Vamos andando, hasta las últimas casas del pueblo. En una de ellas, vemos a una vieja hilando al sol, en un uso antiquísimo. Nos llama la atención pues nos parece cosa del siglo pasado. Charlamos con ella sentados en el pórtico de su casa.
Nos cuenta que está sólo con un nietecito. Este trabajo que hace, es un encargo del comité, pues resulta que las jóvenes, además de que se dedican a otros trabajos, no saben hilar con la rapidez y perfección de las viejas. Estamos con ella más de una hora. Nos cuenta cosas “de la guerra anterior” (debe referirse a la carlista) y hace comparaciones con ésta. Teme mucho a la aviación, a pesar de que sólo una vez han bombardeado el pueblo. Nunca ha salido de Herrera; aquí, ha pasado toda su vida. ¡Y pensar que después de una vida tan monótona, siempre trabajando y sin ninguna distracción, esta pobre anciana no podrá disfrutar de paz y descanso en sus últimos años de vida! Sino por el contrario, debe volver a trabajar como en sus mejores tiempos y, como cuidó a su hijo, debe volver a hacerlo con el nieto. ¡Esta es otra cara de la guerra!

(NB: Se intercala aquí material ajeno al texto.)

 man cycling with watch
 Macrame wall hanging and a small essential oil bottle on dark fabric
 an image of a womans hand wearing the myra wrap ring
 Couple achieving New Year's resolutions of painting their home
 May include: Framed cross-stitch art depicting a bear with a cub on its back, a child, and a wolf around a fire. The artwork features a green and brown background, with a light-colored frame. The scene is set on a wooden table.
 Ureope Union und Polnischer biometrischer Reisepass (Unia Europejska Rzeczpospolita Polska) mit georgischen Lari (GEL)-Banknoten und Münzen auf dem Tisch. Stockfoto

Como se hace tarde, regresamos. Por el camino, comentamos sobre la anciana.
Llegamos a la biblioteca, empezamos a espigar los libros, cada uno según sus gustos. Estamos allí, cosa de una hora. Yo, escojo uno de comedia. Nos toman el nombre y destino y nos marchamos con los libros en el momento que empezaba la clase nocturna. Es para los adultos, hasta hace poco, analfabetos.
Llegamos a punto de ir a buscar el… ¡arroz! Después salimos a la calle, está oscuro como “boca de lobo”. A pesar de ello, comparamos la diferencia de estar aquí, o arriba en el monte. Vamos a leer a casa, pues allí hay menos ruido y se está más caliente. Lástima que con el calor, se despiertan los piojos y pican a rabiar.

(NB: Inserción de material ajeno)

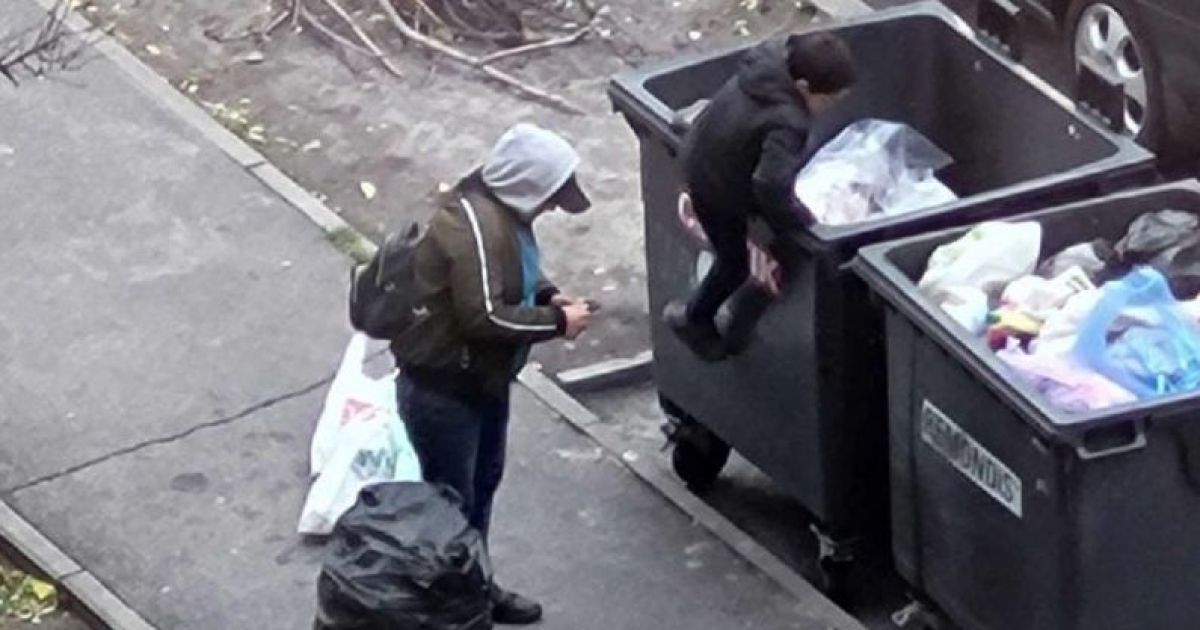 Мать подсаживает мальчика в мусорный бак.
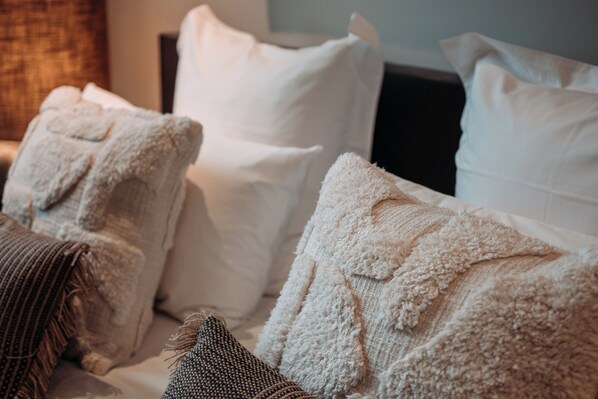 A bed with white pillows and a textured blanket.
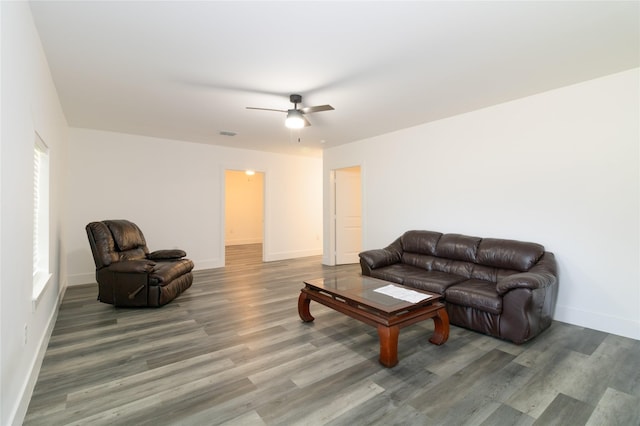 942 County Road 2240, Corsicana, TX 75109 - living room featuring wood finished floors, a ceiling fan, and baseboards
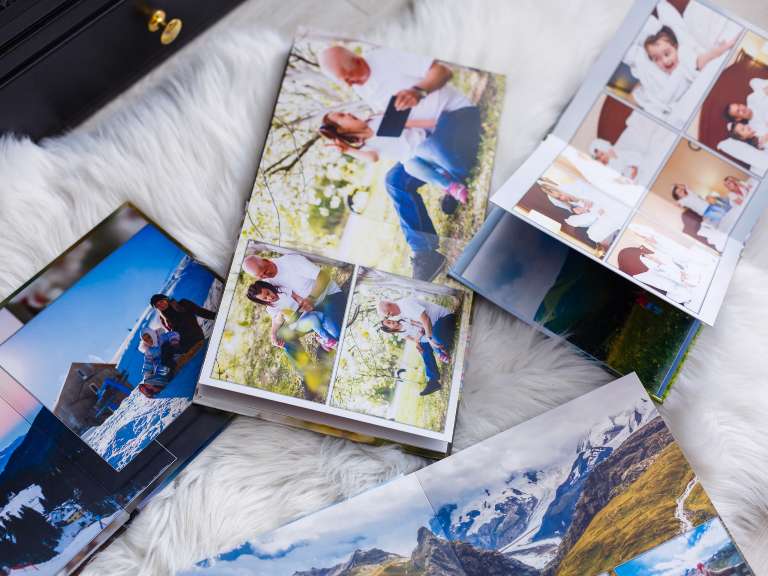 Fotoalben liegen geöffnet auf einem weißen Teppichboden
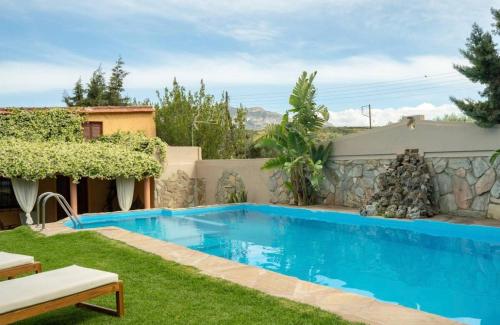 a swimming pool in the yard of a house at DM Elegant and Charming Villa in Foinikiá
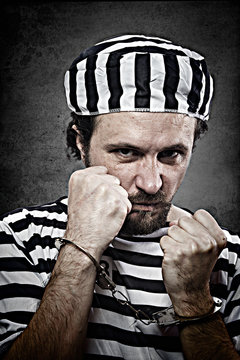 Desperate, portrait of a man prisoner in prison garb, over white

El contraste de hoy con ayer es notable. Ayer, todo eran cantos a grito pelado; hoy, reina el silencio.
Poco a poco, nos vamos acostando; yo, soy de los últimos pues no tengo mucho sueño. Cuando me estiro, pienso en la gran diferencia de estar aquí o allá arriba. Y, además, sin tener que levantarse hasta mañana. Y, esa es la vida de los que están destinados en el pueblo.